Says Writer, Ms. Eiman Adam Khalid about him and his poetry:

"Poet Hummaid had died leaving behind hearts that loved him, souls that knew his value and his lofty human and literary heritage in which he was the insightful poet, the poet who never lied to his people, who sees with the eye of his heart and his inspired soul the magnitude of sacrifices and blood that would be a dowry for freedom.

He had confidence in this people and their ability to rise up out of the ashes and extinction like the phoenix bird in the Greek mythology". 

Hummaid was known as a poet always at loggerheads with despotic regimes in Sudan. That caused him to taste the bitterness of arrests, imprisonment, torture and forced migration to the Gulf states of Qatar and Saudi Arabia.

He was born in the town of Noari  in the Northern State in 1956 and died in a car crash on the highway linking his home area with Khartoum in May 2012.

Despite his short life, Poet Hummaid had contributed a big deal to the country’s cultural movement.

He had taken podiums hundreds of times all over Sudan and within the congregations of Sudanese in the Gulf Region to recite his poetry.

Poet Hummaid had six published poetry collections and also with his lyrics performed by thirty singers, including the popular singer Mustafa Sidahmed who performed more than twenty of his poems.

One of his most famous poems is Am Abdur-Raheem (Uncle Abdur-Raheem) in which he tells the story of a poor worker who toils hard to help his family. But one day while on the back of his donkey, his mind busy with the problems of his life, a speeding police vehicle terrified the donkey. Uncle Abdur-Raheem was thrown down and a train coming from the other direction struck him dead.
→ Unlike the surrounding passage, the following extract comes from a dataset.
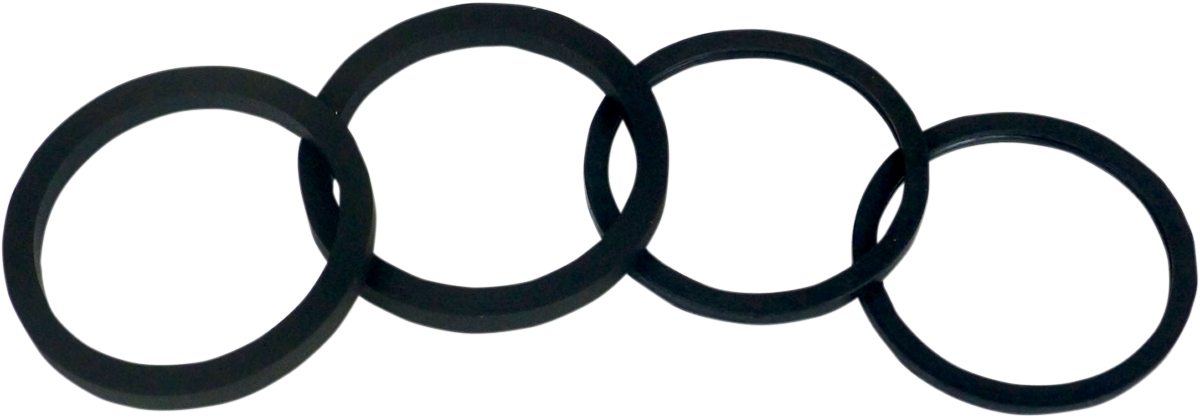 K&S TECHNOLOGIES BRAKE CALIPER SEAL KITS BRAKE CALIPER SEAL KIT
Following are some stanzas from this poem:

Uncle Abdur-Raheem

First thing
in the morning
he rushes through his prayers,
muttering and mumbling,
listing all the saints,
fiddling with his prayer beads
staring at the ground,
troubled, muttering to himself,
then glancing at the sky -
up there
a few clouds
and many distant stars
She never said, 'Good morning',
or asked if he slept well;
she never stroked his hair;
she never blew him a kiss,
a kiss from the depths of her heart -
nothing like the old days,
the good days.
Actually, she wasn't there:
she was in the stables
saddling the donkey
or milking the goats
for morning tea.
The birds had not begun
when Uncle Abdur-Raheem
reluctantly leaves home.
At the waterfront he meets
the other labourers;
some are from Ajjiref,
some are from the mountains.
'How's it going?' he asks;
he banters with them -
they wind him up,
but Uncle Abdur-Raheem
doesn't take the bait;
people round here
never get worked up:
get angry with who?
get angry about what?
Here, they're all friends,
like one big family;
even if they're not related
they're all in the same boat;
'Whatever happens', they say,
'long may you live, my friend;
have hope, despite it all.'
Uncle Abdur-Raheem
you were a farmer once upon a time,
free to fall asleep and
free to get up when you liked;
no clocking in
no timed lunch-breaks,
watering your fields on moonlit nights
planting under the stars.
But time is a wheel that never stops 

*** The poem has been translated by Alaadin Ahmed, Poetry Translation Center.